Selling the American Wedding
I just finished reading One Perfect Day: The Selling of the American Wedding, which I picked up for $1 outside of Books-A-Million a few weeks ago. The book focuses on the ever expanding American wedding industry and the focus to buy, buy, buy for that one special day. The author writes about the emerging Bridezilla phenomenon that turns an otherwise normal woman into a “self-absorbed monster, obsessed with her plans to stage the perfect wedding, and even of spectacular production values and flawless execution, with herself as the star of the show.”
The author, Rebecca Mead, shows at length how advertisers and members of the wedding industry guide brides through each wedding day decision. In fact, advertisers are at work long before the ceremony takes place. The cash registers ring the moment a man walks into a jewelry store in search of an engagement ring. Over the years advertisers have not only lured men into buying diamonds, but also dictated just how much of their yearly salary they should spend.
Mead sheds an interesting light on the culture of American weddings and shows how the wedding industry influences a bride’s decision to chose a venue, a gown, a photographer, the ceremony details and even the fine china.
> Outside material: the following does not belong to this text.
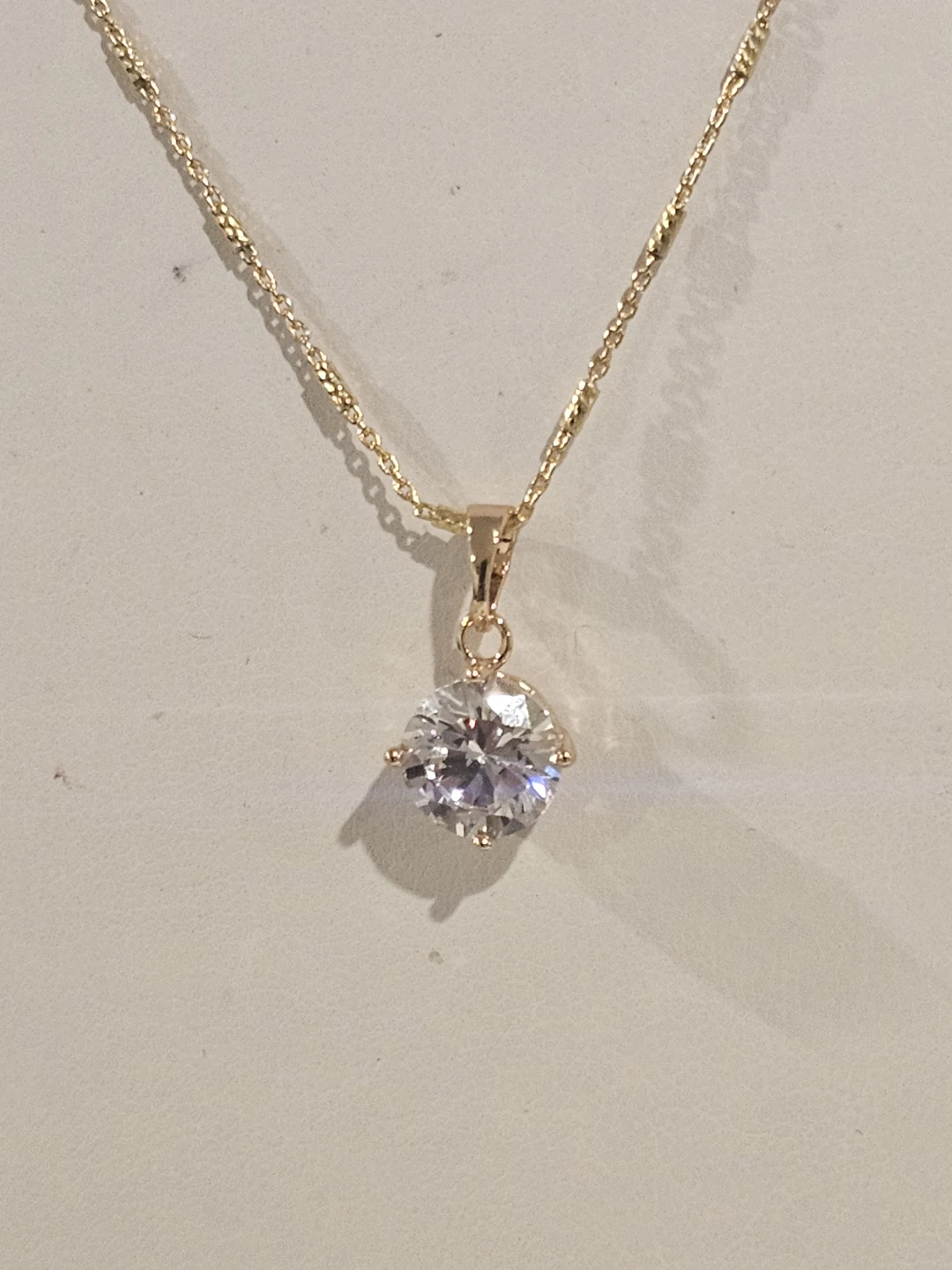 Gold Tone Necklace with CZ Pendant. - photo 4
She shows the bride’s point of view and then details the truth behind the industry. For instance, she writes of bridal shops who lure women to buy expensive, intricately handmade wedding dresses made just for them and then flies to china were she describes the details of young Asian women who sew bead after bead on dresses for less than $1 a day.
The author focuses on the American bride’s desire to plan a unique wedding that reflects her style. A wedding that stands out among her friend’s weddings and makes her shine like a star. To achieve this dream the bride will plan for countless hours and spend tens of thousands of dollars for this one single day.
So why do brides really spend all of this time and money on their wedding day? The author ties the bride’s short term desire for a perfect wedding day with the long term desire for a perfect marriage. According to the author some brides take this goal to the extreme. In an effort to ensure their best future together some brides don’t want to start out on the right foot, they want to start out on the perfect foot. Every moment has to be flawless and each flawless moment must be captured in just the right light by their photographer.
With an understanding of the bride’s desires and motivations the wedding industry moves in to explain why she needs a wedding video, an expensive venue, a hand-made gown, an enormous wedding cake, etc. and in turn the bride opens up her checkbook or better yet her parent’s checkbook to purchase every item they’ve suggested.
I really enjoyed this book. It was an interesting look under the covers of the wedding industry and the men and women who earn money from brides searching for that one perfect day.